#### Task description
Below is a listing. Quote from it, exactly, the lines from the one containing "BOESI Doodle Daisy" down to the one containing "Multispore probiotics supplement", both ends included, and nothing else.

#### Data
• • • • •

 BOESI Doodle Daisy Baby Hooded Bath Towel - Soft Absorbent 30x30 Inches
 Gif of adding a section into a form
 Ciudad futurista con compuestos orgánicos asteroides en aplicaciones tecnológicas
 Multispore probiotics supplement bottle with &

• • • • •

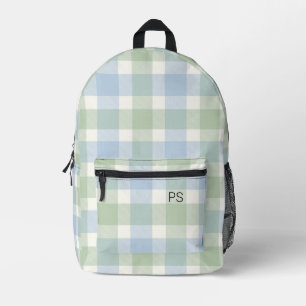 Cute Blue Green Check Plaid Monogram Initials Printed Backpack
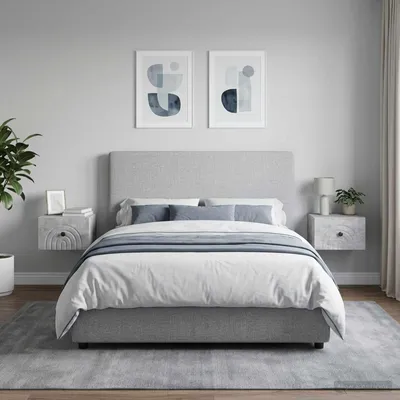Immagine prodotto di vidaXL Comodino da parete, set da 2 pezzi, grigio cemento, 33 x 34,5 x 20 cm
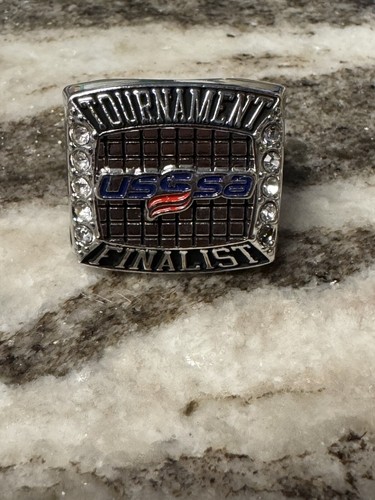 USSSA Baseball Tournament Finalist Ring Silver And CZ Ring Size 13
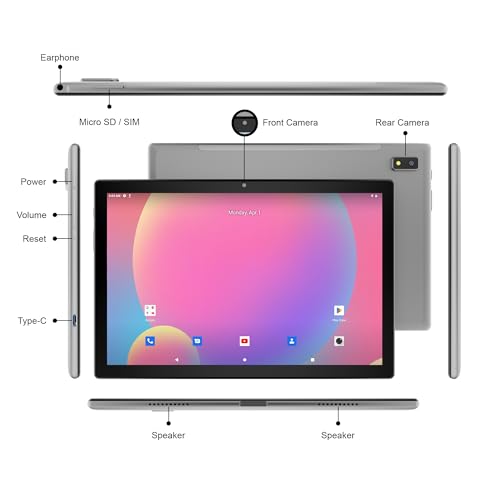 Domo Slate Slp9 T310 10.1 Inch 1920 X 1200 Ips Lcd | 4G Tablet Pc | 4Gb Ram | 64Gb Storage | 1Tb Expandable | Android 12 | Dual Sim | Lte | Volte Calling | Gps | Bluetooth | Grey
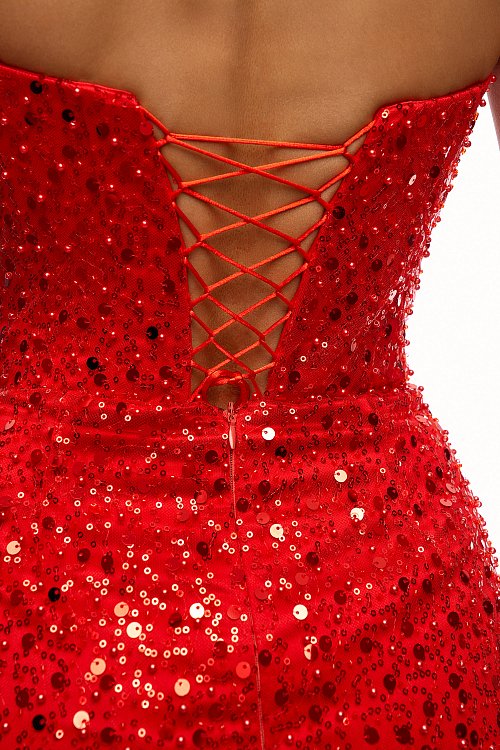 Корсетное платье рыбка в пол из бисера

• • • • •

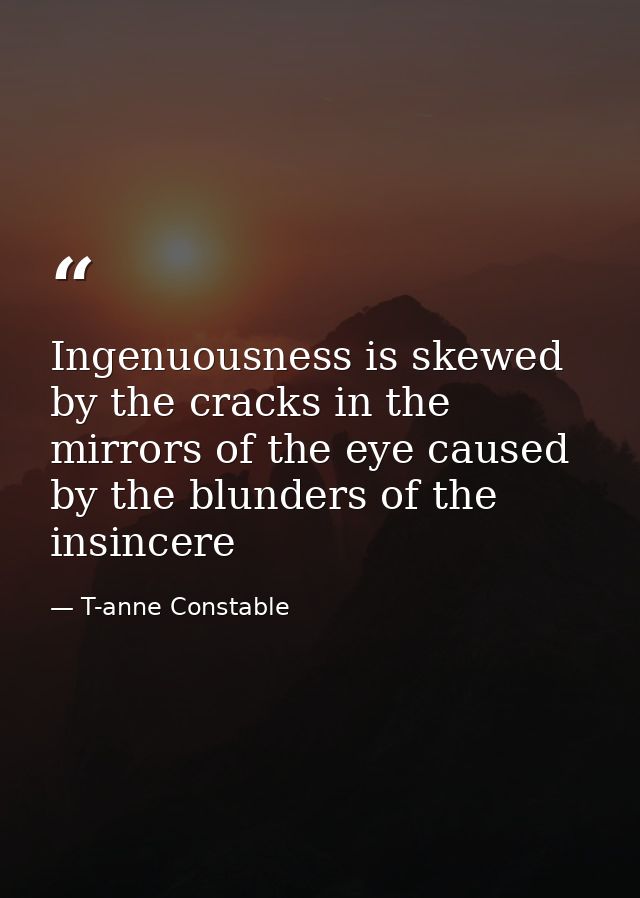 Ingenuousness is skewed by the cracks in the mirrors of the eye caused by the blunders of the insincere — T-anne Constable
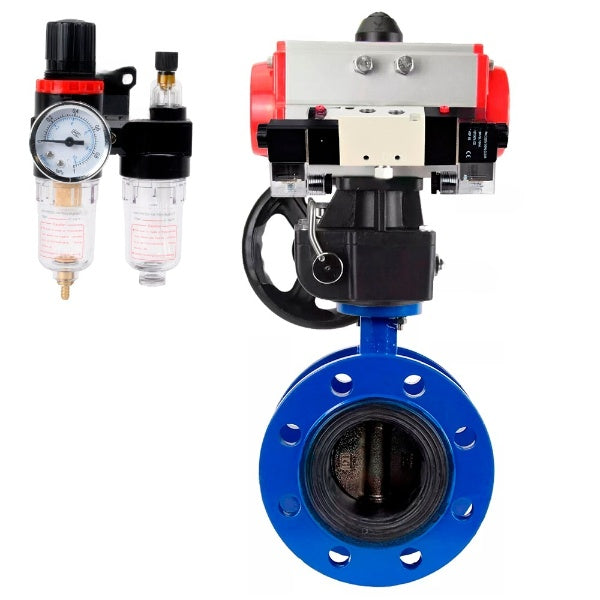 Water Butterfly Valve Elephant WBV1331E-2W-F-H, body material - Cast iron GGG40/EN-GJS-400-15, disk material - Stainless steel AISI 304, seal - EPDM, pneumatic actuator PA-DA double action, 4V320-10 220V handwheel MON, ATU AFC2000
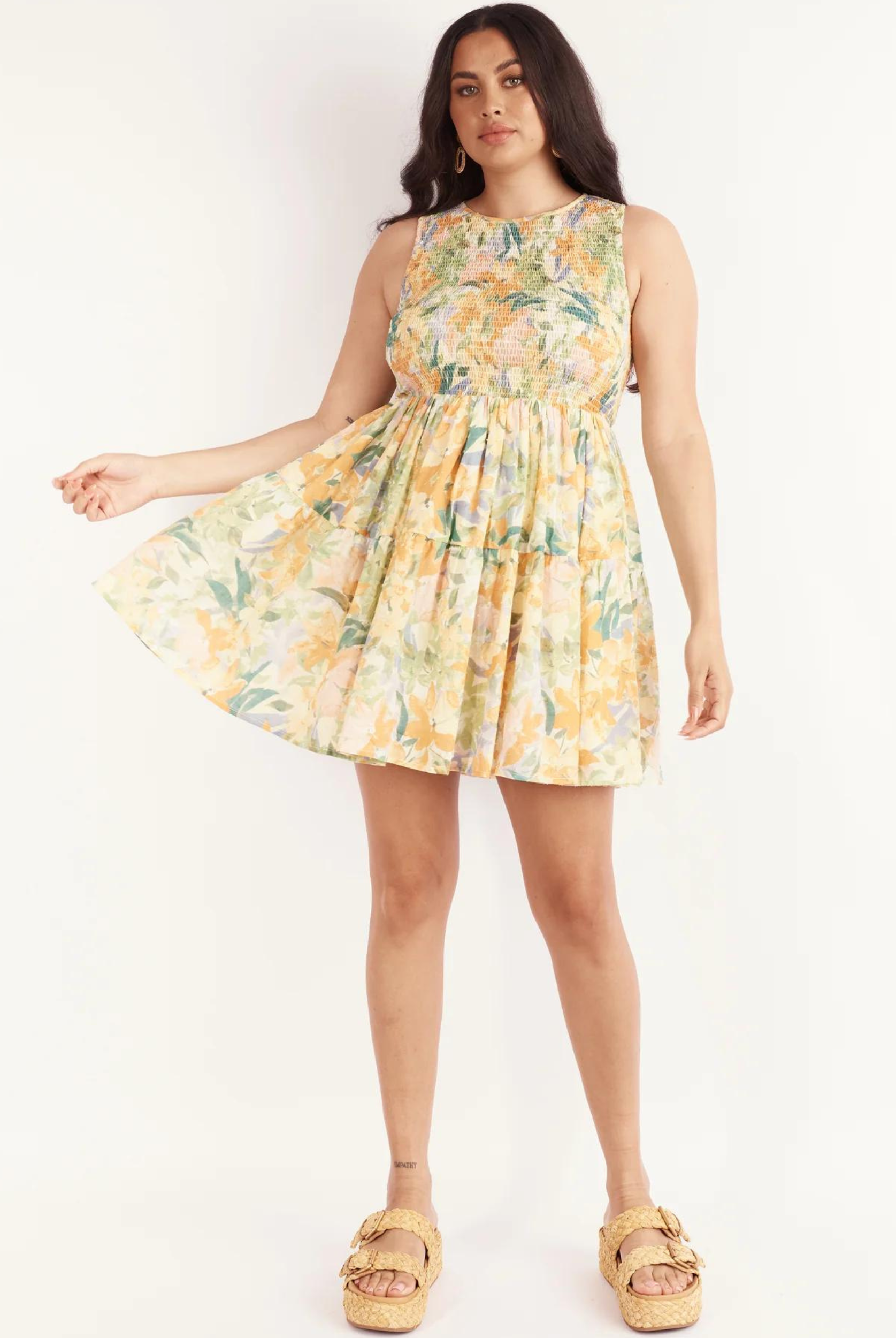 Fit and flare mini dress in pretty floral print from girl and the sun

• • • • •

#### Response
 BOESI Doodle Daisy Baby Hooded Bath Towel - Soft Absorbent 30x30 Inches
 Gif of adding a section into a form
 Ciudad futurista con compuestos orgánicos asteroides en aplicaciones tecnológicas
 Multispore probiotics supplement bottle with &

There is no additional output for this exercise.